About This Talk
While developing software, bugs and mistakes are inevitable. Come to hear how we can improve the approaches we often take as software developers to work better with one another in heated moments of failure and the aftermath of incidents. Through better interactions we can build better teams and create better services.
In my career I have worked in a blameless post-mortem and a blame-full post mortem environment, across a variety of projects ranging from individual python libraries, to core infrastructure for a cloud. I am excited to share how I think not assigning blame when things go wrong results in a better team and a better product.
Proposed Talk Outline
Intro (1 minute)
- Describe how failure of software is inevitable
- Individuals should feel prepared to handle failure.
- Individuals should feel they can learn from their failure not be punished for it
- Focusing on this turns a software failure into a way we grow as a team and individuals.
We can’t choose to have bugs. We can choose how we react. (5 minutes)
- Set up a typical failure. Present examples of common failure scenarios.
- Describe the process of reacting: Identify, then fix, then learn from.
- Every bug or outage can present us a way to learn
- It is easy to blame someone.
- It is harder to figure out how we can prevent problems from recurring.
Exploring why we shouldn’t blame. (7 minutes)
- Excusing failure as ‘human error’ stops the drive to a tractable solution. Excuses the system from having shortcomings (this issue will recur, system is still broken)
- Punishing a team member isn’t necessary in this instance. Trust that they already feel bad enough for the bug/outage.
- Blame doesn’t work as a ‘deterrent’ but instead has other effects.
- Make comparisons to other industries and how they have learned similar things, such as healthcare review panels and removing blame to help drive improvements.
- Discourages transparency. Individuals are encouraged to hide/downplay issues to preserve self image. If you blame, you lose the chance to have a conversation about it and to learn as a team.
Explain the goals/non-goals of a post mortem. (3 minutes)
- Object should always be to avoid repeated errors, not to punish/fault someone.
- Move on to how we can take most all of those and see a blameless way to view that issue.
- Explain how, in this environment where we don’t fear blame, this improves our interactions, drives us to a proper solution.
- Enables team members to instead feel free to admit to mistakes
- Blameless post mortems create is a healthier team, healthier culture, healthier product.
Writing the post mortem. (12 minutes)
- Quick overview of postmortem process.
- Provide an example format for postmortem documents.
- Discuss what a blameless statement looks like
- Discuss a couple of common industry techniques used to find a root cause.
- Work through how to find the root cause and keeping this blameless using one of the above methods and when to consider a root cause found.

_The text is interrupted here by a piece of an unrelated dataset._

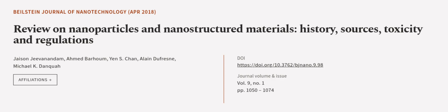This article was authored by Jason Jivanandam, Ahmed Barham, Yen S. Chan, and others.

- Discuss post-mortem fields related to understanding/addressing the root cause.
- Things that went well
- Things that went poorly
- Ways in which the team was lucky
- Action items to prevent this scenario from recurring
Discuss takeaways. (2 minutes)
- We should identify the cause, not the causee.
- Choose the best method for you and your team to find the root cause, but avoid shallow RC and drive for detailed, preventable ones.
- Always assume good will from team.
Chris is a developer at Google, splitting time between Python and Node.js communities with a focus on improving the Google Cloud Client Libraries. He has spent his career working on developer tooling and libraries. In Chris’ spare time he races motorcycles, volunteers with a motorcycle training organization, hikes, and explores the Seattle brewing scene.